This video is from Bill Gates 1995 book, "The Road Ahead" - a classroom scene set in the future, where apparently, students produce meaningless work but have cool technology.
Sylvia,
I'm going to use this video in class as a discussion point. Wow... the glitz, the effects, the apparently polished work--all devoid of meaning or any real research. The student is only involved at the surface of things, if that.
Thanks for sharing this. It'll be illuminating to show this in class and get the kids' take on it.
Connie
OH! you reminded me - I completely forgot to mention the absolutely fabulous website where I originally stumbled across this - while looking for something else, of course. By the time I found the Google video embed code, it slipped my mind.
If you like this - search the education category for more gems...
http://paleo-future.blogspot.com/
I would love to show this one - http://paleo-future.blogspot.com/2007/04/1999-ad-1967.html
to kids and ask them to make their own, or comment on how wrong they got the future (the gadgets are right, but the social stuff is so wrong). The woman pushes buttons so that her husband and son can have instant meals.

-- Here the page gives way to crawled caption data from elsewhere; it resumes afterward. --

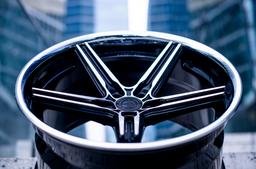 Concaver CVR9 Black alloy wheel mounted on car in an atmospheric setting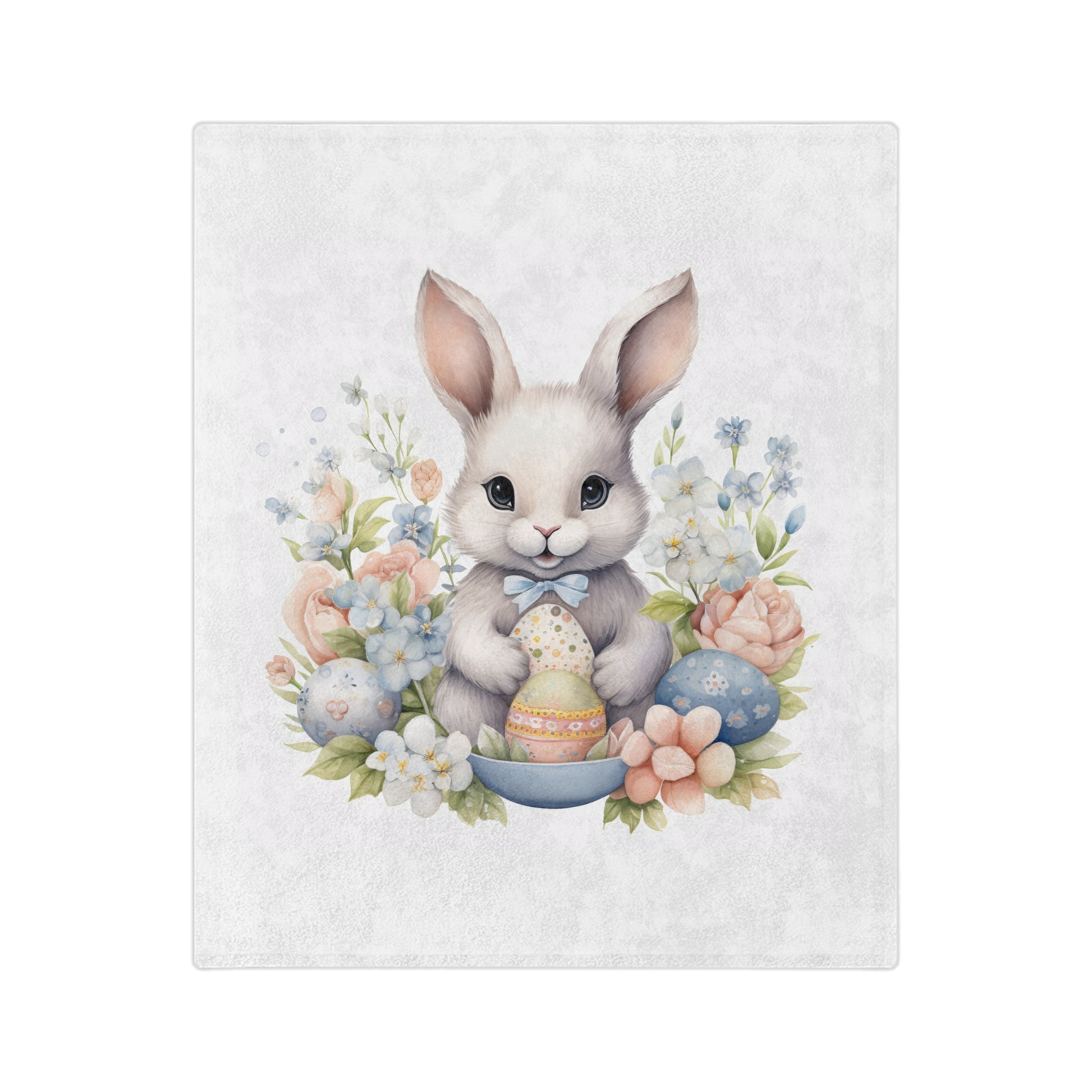 "Close-up of a lightweight velveteen blanket featuring an adorable white cartoon bunny with a light blue bow tie, holding two decorated Easter eggs in its paws. The bunny is surrounded by soft pastel flowers in pink and light blue, and more patterned Easter eggs are visible around it, one blue to the right and another blue one on the left. 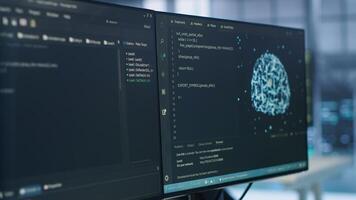 PC displays in data center providing computing resources for artificial intelligence processing massive datasets for training. Close up of code lines on computer in server room for machine learning photo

The tech projects are only as meaningless as the tone the teacher sets. If the project is based around core standards or essential questions, then the result should match what was being asked of the student. If the assignment isn't addressing or meeting a certain standard, than the students will flounder and so will the project (a.k.a. meaningless). I have seen some meaningless projects pretechnology and post technology. Most of the post-technology projects that were weak were ones that the teacher was just test driving a new medium (powerpoint, podcasting, blogging), which I think needs to be allowed to allow teachers a chance to dip their toes into uncharted waters. But once they are wading, they need to revisit the core values and standards they want there students to achieve and make that the center of their cool projects.